長期化する低金利環境において、リターンを最大化する方法の一つとして注目が集まっているのが、不動産投資におけるグリーン・アルファ戦略です。

豪州では国債利回りや銀行預金金利が2%を下回る中で、低リスクながらも、より良いリターンを獲得するのは極めて困難になっています。

グローバル経済の先行き不透明感を受けて、世界的な低金利環境は一段と定着しており、投資家は、リターンを最大化しながら、豪州の建造環境のサステイナビリティにも貢献できるグリーン・アルファ戦略に目を向け始めています。

その仕組み

不動産投資の観点から言えば、ポートフォリオ・リターンの最大化を図るために必要なのは、賃料の伸びと運営管理コストの削減です。エネルギー費用を節約して支出を抑えることは、比較的シンプルでありながらも、より高いインカム利回りを獲得する上で重要な手段です。
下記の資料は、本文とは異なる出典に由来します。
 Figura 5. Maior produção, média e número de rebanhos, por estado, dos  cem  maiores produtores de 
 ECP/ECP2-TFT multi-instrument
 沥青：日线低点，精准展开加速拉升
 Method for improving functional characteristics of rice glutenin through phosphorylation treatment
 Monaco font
さらには、市場事例やグリーン・ビルに関する国際研究からは、投資期間を通して長期にわたり、リターンにプラスの影響を及ぼすという事が示されています。

不動産アセットのバリュエーションやリターンを見ても、優良グリーンビルとそれ以外の間で乖離が開いており、トータルリターンで見た場合、年間最大で50bpsもの差が出ています。

MSCIグリーン不動産投資ダイジェストにおいても、NABERS(豪州建築環境格付け)の4つ星以上(最高評価は6つ星)の評価を獲得しているCBD優良オフィスビルの過去3年間のトータルリターンは13.4%であったのに対し、それ以外のCBD優良オフィスビルは同12.9%となっています。
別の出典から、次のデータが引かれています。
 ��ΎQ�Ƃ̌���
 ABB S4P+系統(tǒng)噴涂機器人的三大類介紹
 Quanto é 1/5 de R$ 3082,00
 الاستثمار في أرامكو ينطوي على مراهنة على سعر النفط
オフィス資産におけるNABERSエネルギー評価の州別内訳、FY2018
出所:NABERS(豪州建築環境格付け)

都市別で見ると、グリーンのリターンを求める投資家にとって有望なのはメルボルン市場で、NABERS評価4~6つ星を獲得している優良オフィスビルのトータルリターンは2019年6月までの1年間で15%と、豪州で最も高くなっています。

メルボルンに次ぐ市場として注目されるのは、キャンベラです。そのトータルリターンにおける「グリーンアルファ」は、優良オフィス市場平均に対して200bpsと、豪州最高水準となっています。同市場の政府系テナントは、リース時にグリーン認証をより重要視するため、NABERS評価5つ星以上の優良オフィス不動産を持つオーナーにとっては、優れたインカムリターンの創出が可能となっています。

優良オフィス:都市別に見たグリーンのアウトパフォーマンス
出所:MSCI/IPD、AMPキャピタル不動産リサーチ

コスト削減よりも大きな観点から長期的に考えると、商業用不動産における自家消費型太陽光発電設備といったサステイナビリティの取り組みは、電力価格急騰のリスクに対する長期的なプロテクションです。この様なイニシアチブは不動産アセットにおける支出の削減に役立ちます。ここ2年で豪州の電力価格が20%超上昇している1ことを考えると、優れた競合優位性となるものです。

アセット・マネージャーがリターンの最大化を図る際に、グリーンアルファが果たす役割が大きくなっています。グリーンなビルは、優れたリターンを創出するだけでなく、システミック・リスクの低い、安定したインカムを提供します。また、インセンティブ提供とテナントの入れ替えが少ないため、ポートフォリオの空室率低下に寄与します。

環境面で持続可能性に優れたビルは、長期にわたり、経済的そして環境的利益を投資家に提供するものです。グリーンアルファは、低金利という厳しい環境下においてリターンの最大化を図るにあたり、有効なツールであるといえます。